WORK INSTRUCTION
Write out exactly the lines of the entries below from the one holding "iPASS一卡通宣布擴大iP" to the one holding "Chope À Bière 82e division aéroportée", inclusive, and leave out all other lines.

EXERCISE INPUTS
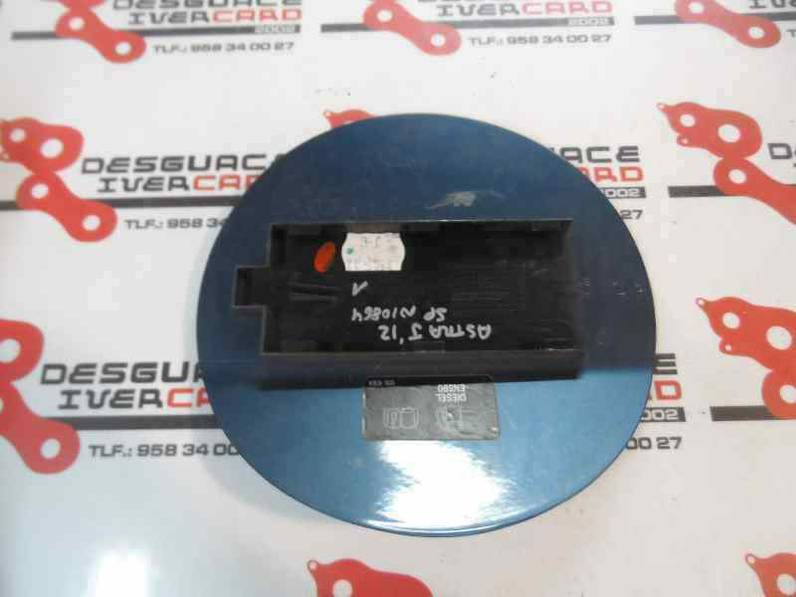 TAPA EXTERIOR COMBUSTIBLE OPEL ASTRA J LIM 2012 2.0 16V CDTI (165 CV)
---
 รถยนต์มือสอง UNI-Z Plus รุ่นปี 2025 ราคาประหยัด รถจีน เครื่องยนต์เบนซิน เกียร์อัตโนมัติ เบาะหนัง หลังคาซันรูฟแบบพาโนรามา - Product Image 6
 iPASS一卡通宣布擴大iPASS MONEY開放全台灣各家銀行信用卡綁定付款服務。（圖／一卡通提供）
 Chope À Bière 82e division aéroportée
...
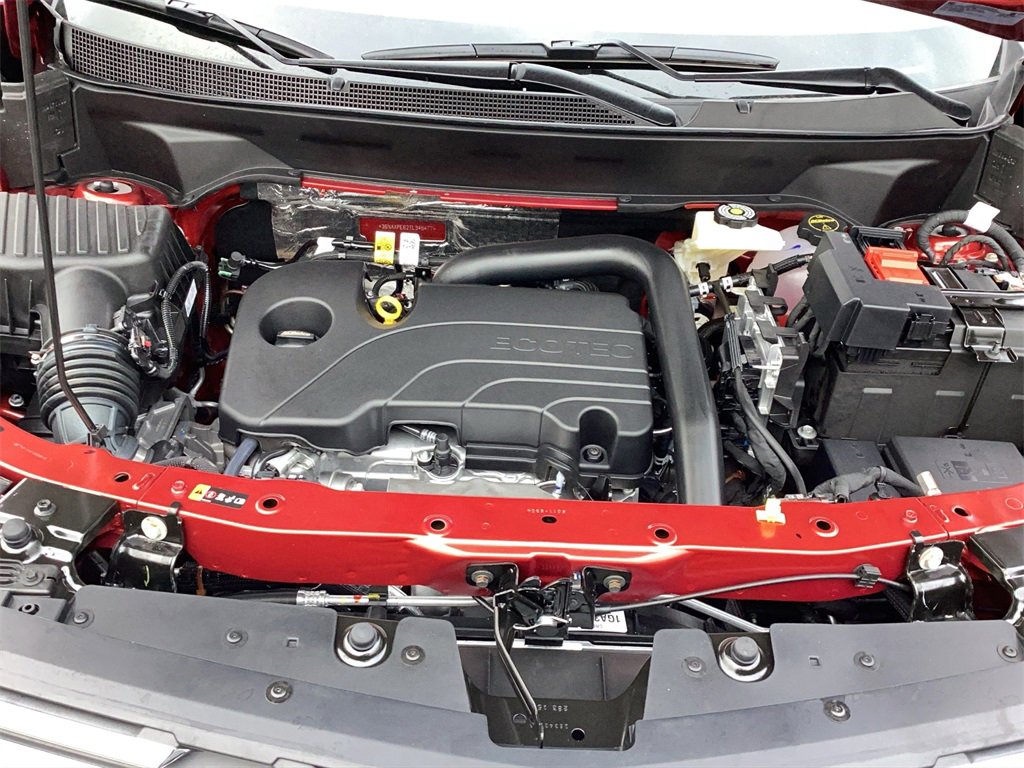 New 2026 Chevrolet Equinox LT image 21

TASK RESPONSE
 iPASS一卡通宣布擴大iPASS MONEY開放全台灣各家銀行信用卡綁定付款服務。（圖／一卡通提供）
 Chope À Bière 82e division aéroportée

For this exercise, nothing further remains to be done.